■ Assigned task
Repeat only the lines below from the one containing "Kadın bir yunusla" through the one containing "Formica pratensis specimen", inclusive, exactly as written.

[Records from a dataset]
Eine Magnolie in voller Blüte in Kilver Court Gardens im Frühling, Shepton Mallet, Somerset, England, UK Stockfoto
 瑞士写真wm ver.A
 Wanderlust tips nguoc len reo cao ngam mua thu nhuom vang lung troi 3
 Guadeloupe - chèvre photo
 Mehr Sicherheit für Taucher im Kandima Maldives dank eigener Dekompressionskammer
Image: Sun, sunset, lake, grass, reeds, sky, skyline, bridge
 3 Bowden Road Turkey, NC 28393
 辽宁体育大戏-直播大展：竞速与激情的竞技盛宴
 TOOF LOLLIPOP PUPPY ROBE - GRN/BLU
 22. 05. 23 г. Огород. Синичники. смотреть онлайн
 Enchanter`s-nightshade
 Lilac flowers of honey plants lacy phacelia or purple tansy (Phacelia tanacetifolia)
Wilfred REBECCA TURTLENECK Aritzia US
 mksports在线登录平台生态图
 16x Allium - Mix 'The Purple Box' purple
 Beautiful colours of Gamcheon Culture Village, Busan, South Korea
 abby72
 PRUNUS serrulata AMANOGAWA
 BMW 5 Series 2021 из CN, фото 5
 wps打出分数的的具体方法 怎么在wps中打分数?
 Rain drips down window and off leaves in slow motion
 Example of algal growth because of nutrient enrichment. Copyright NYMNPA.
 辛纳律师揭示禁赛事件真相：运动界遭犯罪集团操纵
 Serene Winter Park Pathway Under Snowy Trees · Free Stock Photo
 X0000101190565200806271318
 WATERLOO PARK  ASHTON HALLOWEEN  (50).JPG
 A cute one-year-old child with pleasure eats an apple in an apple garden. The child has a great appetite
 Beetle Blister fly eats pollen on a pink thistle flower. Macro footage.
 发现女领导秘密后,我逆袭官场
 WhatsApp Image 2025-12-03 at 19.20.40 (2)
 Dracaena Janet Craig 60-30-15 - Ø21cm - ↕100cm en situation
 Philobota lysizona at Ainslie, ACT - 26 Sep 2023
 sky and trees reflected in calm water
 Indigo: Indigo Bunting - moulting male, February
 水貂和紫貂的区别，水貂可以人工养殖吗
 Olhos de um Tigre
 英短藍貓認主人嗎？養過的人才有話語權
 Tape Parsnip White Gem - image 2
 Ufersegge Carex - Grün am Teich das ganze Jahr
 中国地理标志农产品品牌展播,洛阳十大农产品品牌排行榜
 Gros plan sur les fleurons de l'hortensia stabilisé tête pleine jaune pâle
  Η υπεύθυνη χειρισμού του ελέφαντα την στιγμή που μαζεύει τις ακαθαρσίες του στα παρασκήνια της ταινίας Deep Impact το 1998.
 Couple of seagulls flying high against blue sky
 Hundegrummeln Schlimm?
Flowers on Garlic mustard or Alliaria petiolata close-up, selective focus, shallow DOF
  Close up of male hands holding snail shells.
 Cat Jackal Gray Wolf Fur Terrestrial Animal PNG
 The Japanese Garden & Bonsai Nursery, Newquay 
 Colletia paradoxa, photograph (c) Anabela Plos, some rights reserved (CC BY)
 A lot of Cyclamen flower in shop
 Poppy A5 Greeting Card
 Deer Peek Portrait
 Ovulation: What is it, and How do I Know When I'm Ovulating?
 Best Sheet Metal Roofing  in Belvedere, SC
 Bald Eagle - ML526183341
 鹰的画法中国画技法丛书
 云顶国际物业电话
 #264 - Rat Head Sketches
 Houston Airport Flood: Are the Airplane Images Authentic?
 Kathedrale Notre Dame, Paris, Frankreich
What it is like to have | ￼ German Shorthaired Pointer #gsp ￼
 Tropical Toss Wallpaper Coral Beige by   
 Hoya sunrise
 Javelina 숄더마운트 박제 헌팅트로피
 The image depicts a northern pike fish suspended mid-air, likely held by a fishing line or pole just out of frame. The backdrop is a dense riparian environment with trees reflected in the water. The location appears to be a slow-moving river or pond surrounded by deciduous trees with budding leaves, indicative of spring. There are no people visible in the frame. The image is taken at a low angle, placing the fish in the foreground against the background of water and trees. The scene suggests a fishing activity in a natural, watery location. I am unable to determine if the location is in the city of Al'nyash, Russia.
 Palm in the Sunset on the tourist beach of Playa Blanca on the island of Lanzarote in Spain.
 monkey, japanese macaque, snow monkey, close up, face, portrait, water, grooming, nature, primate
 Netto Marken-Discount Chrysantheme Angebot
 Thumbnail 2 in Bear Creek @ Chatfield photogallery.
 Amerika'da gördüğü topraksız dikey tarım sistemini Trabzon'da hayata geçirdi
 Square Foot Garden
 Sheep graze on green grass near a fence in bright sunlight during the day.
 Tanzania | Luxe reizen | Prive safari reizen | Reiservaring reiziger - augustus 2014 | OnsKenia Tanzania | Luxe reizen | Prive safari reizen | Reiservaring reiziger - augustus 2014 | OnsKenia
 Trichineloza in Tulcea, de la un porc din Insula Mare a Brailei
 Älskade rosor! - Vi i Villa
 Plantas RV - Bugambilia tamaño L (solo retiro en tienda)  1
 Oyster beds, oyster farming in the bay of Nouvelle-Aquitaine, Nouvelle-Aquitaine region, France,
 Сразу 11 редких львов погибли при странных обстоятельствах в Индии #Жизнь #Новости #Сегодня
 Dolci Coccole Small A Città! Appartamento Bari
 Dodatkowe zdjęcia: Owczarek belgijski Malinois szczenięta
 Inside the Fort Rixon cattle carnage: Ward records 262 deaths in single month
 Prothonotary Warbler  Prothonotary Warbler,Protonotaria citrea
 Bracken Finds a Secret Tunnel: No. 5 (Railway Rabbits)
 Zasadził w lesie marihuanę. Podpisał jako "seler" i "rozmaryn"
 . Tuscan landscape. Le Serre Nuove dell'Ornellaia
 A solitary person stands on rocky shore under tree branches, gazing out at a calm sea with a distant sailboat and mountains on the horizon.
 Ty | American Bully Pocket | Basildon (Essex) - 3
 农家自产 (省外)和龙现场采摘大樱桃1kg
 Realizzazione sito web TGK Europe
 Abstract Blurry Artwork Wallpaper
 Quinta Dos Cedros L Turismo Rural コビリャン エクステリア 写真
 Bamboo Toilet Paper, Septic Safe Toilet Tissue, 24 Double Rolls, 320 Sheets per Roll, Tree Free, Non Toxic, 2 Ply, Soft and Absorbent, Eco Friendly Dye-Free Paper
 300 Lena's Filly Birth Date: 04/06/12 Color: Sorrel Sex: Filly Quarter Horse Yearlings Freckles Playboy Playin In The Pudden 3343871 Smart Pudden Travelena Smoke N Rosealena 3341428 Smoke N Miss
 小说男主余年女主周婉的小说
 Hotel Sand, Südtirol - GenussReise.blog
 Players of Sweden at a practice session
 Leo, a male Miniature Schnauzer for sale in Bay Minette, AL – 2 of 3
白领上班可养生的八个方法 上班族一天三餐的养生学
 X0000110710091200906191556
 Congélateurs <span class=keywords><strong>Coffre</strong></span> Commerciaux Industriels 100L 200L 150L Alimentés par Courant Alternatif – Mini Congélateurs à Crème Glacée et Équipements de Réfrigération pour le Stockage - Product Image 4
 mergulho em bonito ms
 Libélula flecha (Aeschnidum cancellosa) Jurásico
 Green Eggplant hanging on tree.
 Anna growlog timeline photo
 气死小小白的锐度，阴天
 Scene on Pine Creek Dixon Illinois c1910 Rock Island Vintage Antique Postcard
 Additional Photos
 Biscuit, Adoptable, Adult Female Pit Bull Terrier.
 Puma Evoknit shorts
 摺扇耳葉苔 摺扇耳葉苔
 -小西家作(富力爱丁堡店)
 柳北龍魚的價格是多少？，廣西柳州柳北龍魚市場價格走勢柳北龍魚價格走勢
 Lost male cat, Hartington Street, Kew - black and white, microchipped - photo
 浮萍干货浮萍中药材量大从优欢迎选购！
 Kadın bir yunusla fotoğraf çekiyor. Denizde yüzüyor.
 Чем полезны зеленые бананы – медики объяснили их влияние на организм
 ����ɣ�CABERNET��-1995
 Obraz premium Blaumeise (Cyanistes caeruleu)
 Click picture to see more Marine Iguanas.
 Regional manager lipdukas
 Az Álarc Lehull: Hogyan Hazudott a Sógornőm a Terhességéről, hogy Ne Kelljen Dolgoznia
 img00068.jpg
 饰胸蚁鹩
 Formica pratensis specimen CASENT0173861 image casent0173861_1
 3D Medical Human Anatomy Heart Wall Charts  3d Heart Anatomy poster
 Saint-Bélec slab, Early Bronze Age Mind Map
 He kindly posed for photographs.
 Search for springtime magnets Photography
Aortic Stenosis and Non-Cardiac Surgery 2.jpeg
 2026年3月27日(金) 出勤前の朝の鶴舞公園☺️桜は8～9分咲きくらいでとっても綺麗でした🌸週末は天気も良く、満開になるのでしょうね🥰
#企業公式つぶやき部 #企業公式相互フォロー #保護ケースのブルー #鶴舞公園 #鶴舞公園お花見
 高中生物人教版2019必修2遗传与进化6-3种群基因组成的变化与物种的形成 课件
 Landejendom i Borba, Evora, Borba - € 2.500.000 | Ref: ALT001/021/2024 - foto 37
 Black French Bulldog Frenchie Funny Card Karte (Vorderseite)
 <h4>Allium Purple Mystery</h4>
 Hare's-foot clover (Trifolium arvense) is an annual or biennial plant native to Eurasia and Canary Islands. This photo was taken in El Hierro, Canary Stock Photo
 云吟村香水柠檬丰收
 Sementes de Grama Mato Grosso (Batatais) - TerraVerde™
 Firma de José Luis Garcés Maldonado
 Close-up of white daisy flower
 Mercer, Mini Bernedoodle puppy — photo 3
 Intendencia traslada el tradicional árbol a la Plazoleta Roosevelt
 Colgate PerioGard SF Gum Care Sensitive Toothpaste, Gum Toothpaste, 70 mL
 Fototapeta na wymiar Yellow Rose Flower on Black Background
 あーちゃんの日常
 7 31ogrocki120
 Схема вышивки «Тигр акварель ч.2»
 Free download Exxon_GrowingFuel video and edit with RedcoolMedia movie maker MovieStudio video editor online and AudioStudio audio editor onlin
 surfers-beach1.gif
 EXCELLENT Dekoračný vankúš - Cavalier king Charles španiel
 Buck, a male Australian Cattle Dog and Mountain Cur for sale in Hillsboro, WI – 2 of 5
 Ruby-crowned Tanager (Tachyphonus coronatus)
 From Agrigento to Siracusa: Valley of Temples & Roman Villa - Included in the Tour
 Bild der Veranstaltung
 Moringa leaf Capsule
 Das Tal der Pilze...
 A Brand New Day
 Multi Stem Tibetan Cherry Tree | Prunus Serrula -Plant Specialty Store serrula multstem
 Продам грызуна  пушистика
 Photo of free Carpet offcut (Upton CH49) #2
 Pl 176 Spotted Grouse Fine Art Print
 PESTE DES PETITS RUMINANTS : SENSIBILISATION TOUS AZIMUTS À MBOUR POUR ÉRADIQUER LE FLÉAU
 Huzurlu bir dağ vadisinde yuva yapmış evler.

■ Task output
 Kadın bir yunusla fotoğraf çekiyor. Denizde yüzüyor.
 Чем полезны зеленые бананы – медики объяснили их влияние на организм
 ����ɣ�CABERNET��-1995
 Obraz premium Blaumeise (Cyanistes caeruleu)
 Click picture to see more Marine Iguanas.
 Regional manager lipdukas
 Az Álarc Lehull: Hogyan Hazudott a Sógornőm a Terhességéről, hogy Ne Kelljen Dolgoznia
 img00068.jpg
 饰胸蚁鹩
 Formica pratensis specimen CASENT0173861 image casent0173861_1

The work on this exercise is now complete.